Ben Jonson in the Romantic Age.


Lee, John


Ben Jonson in the Romantic Age. By Tom Lockwood. Oxford: Oxford University Press. 2005. xii + 257 pp. 51 [pounds sterling]. isbn: 978-0-19-928078-0.

According to the standard accounts, the Romantic age seems to have been both friend and foe to Jonson: it managed to see Jonson anew and, most would agree, better; but it also, and rather ironically, managed

to lose sight of him. As often, Shakespeare was Jonson's problem. Having previously been forced to play the role of dull foil in arguments on behalf of Shakespeare's bright genius, once Shakespeare's greatness was agreed, Jonson was allowed to be himself again. Yet, as Jonson had largely been seen to be of interest just because of his role as Shakespeare's envious antithesis, a friendly Jonson was left to wander quietly in the cultural margins.

As Ben Jonson in the Romantic Age shows, the standard accounts need revision. Jonson's influence, while not growing, continues to be significant throughout the years from 1776 to 1850. Lockwood characterizes that influence with an understated theoretical sophistication as he examines, in successive chapters, Jonson's theatrical, critical, editorial, and literary afterlives. These chapters offer a wealth of new information and correctives to previous accounts. The retrieval of the detail of Jonson's afterlives is, however, only half of Lockwood's story; he is equally interested in seeing how Jonson's presence can enrich our understanding of the Romantic age. Following D. F. McKenzie and Jerome J. McGann, Lockwood considers the cultural networks within which the period's engagements with Jonson occurred and which gave those engagements their historically specific meaning. The point made repeatedly and well is that who Jonson was seen to be and what his works were seen to represent were questions both contestable and contested; Jonson was, in other words, a lively cultural presence.

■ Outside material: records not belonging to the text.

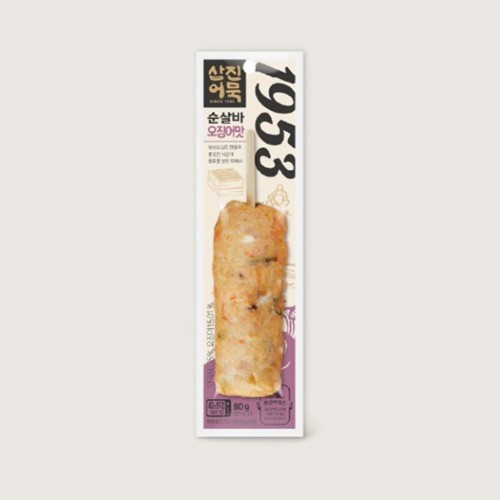 [삼진어묵] 순살바 오징어맛 80g*10개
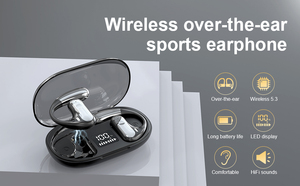 Auriculares Bluetooth Q28 con Gancho para la Oreja, Compatibles con Traducción de Idiomas en Tiempo Real, Auriculares Inalámbricos de Conducción Aérea para Viajes al Aire Libre - Product Image 2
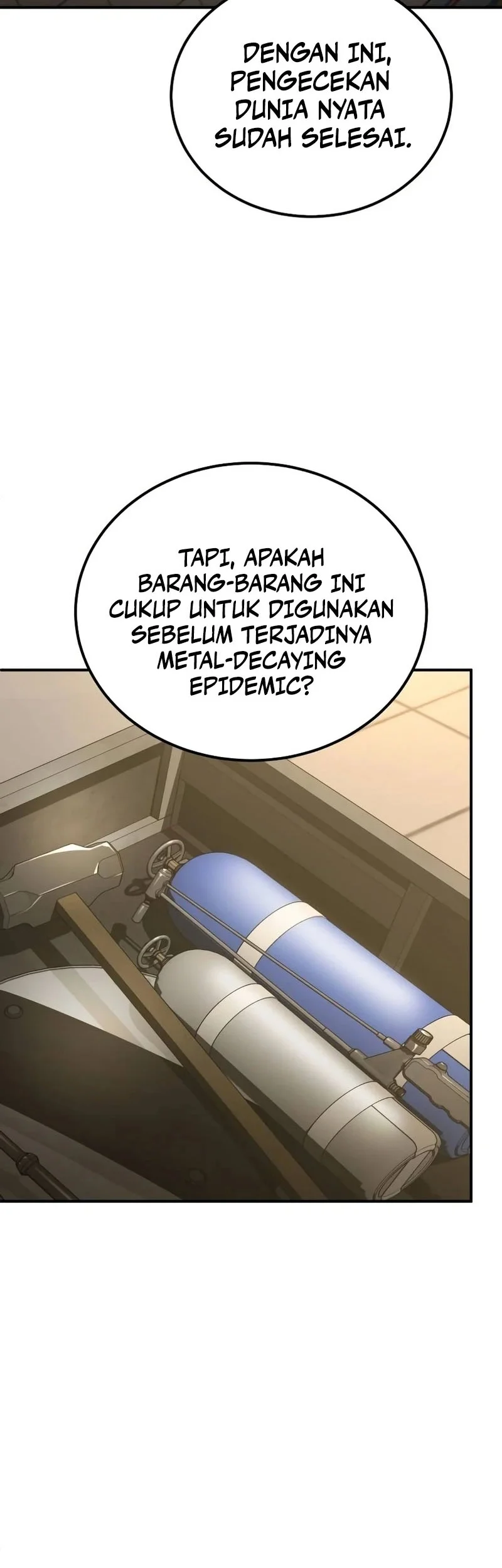 The Apocalypse's Ultimate Veteran Chapter 21 - halaman 29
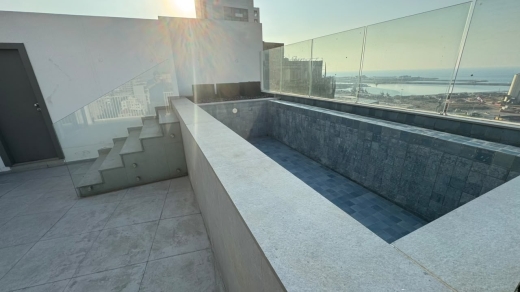 Modern Penthouse with Roof Pool For Sale in Gemayzeh — 2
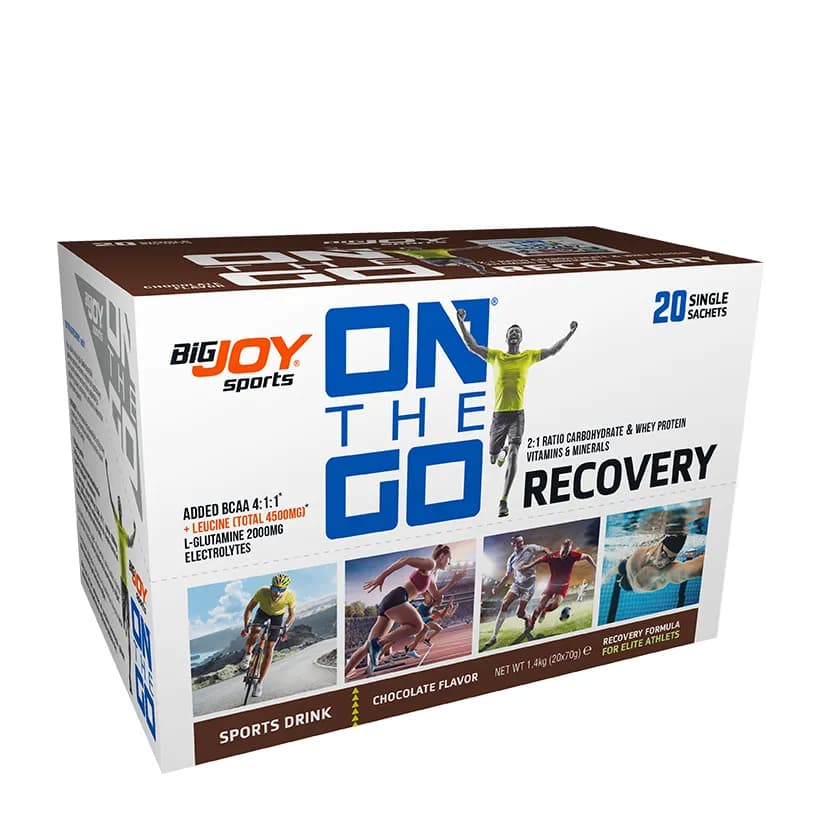 ONTHEGO RECOVERY Sports Drink 70g x 20 Adet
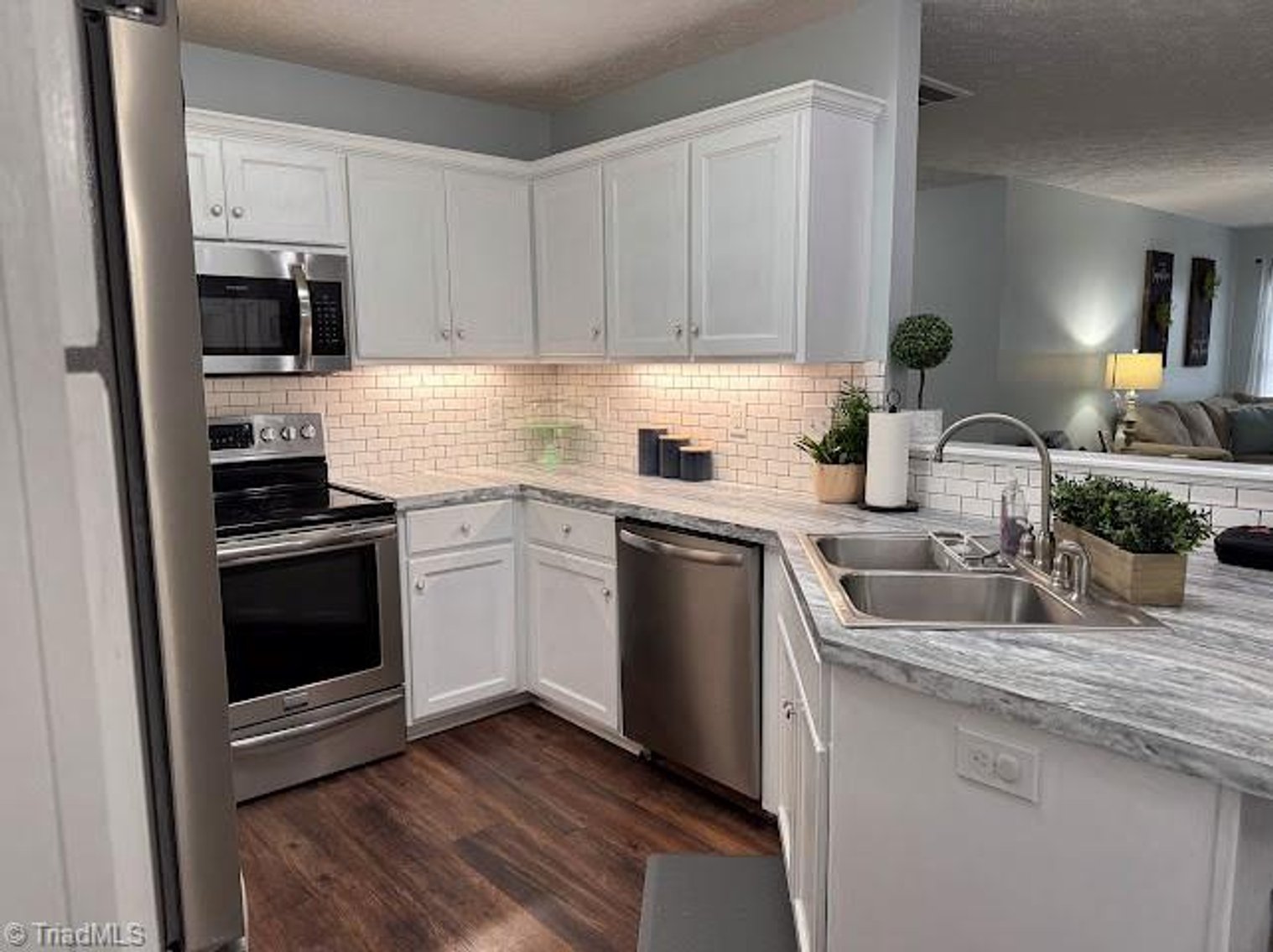 Image for One-Level Living with Garage in Prime Mount Airy Location - 525 Bennett Street, Mount Airy, NC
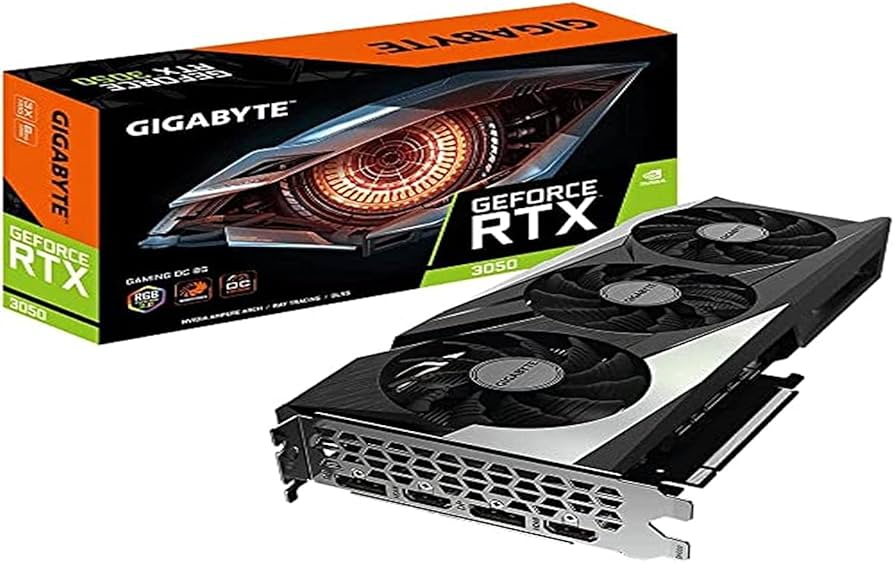 Amazon.com: Gigabyte Video Card - GeForce RTX 3050, 8GB GDDR6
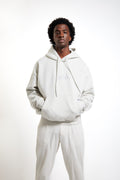 White Sand Oversized Hoodie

How important, then, was Jonson to the Romantic age? Taking Coleridge as his key figure, Lockwood argues that Jonson is central to the age's understanding of the nature of imitation and allusion. In a deft and historically nuanced analysis, Coleridge's understanding of literary relationships is seen to be a product both of his thinking about the nature of Milton's relationship with Jonson and also of his thinking about the then topical 'bullion debate', which concerned the nature of the relationship between paper money and gold and silver. Lockwood suggests that Coleridge saw his and others' poems as the equivalent of a paper currency, as the promissory notes that might substitute for, or replace entirely, Jonsonian and other literary bullion.

Jonson's creative influence, then, was clearly significant, but Lockwood does not try to suggest that it was anywhere near the equal of Shakespeare's or Milton's influence. Francis Waldron's edition and continuation of Jonson's The Sad Shepherd (1783) seems exemplary here. Lockwood makes good use of this play to show the variety and interrelated nature of the audiences to whom Jonson was of interest. What one might also note is the way in which Waldron's able and sensible continuation gradually loses its Jonsonian voice. Acts I and II show Jonson, unusually, engaging on a large scale and positively with Spenser, and particularly with The Faerie Queene. However, in the following three acts, which were written by Waldron, Jonson's presence fades as the influence of Spenser recedes, to be replaced by that of Shakespeare and, in particular, The Tempest. Even for Jonson's greatest admirers, it seems it was impossible to imagine his plays in any but Shakespearean terms.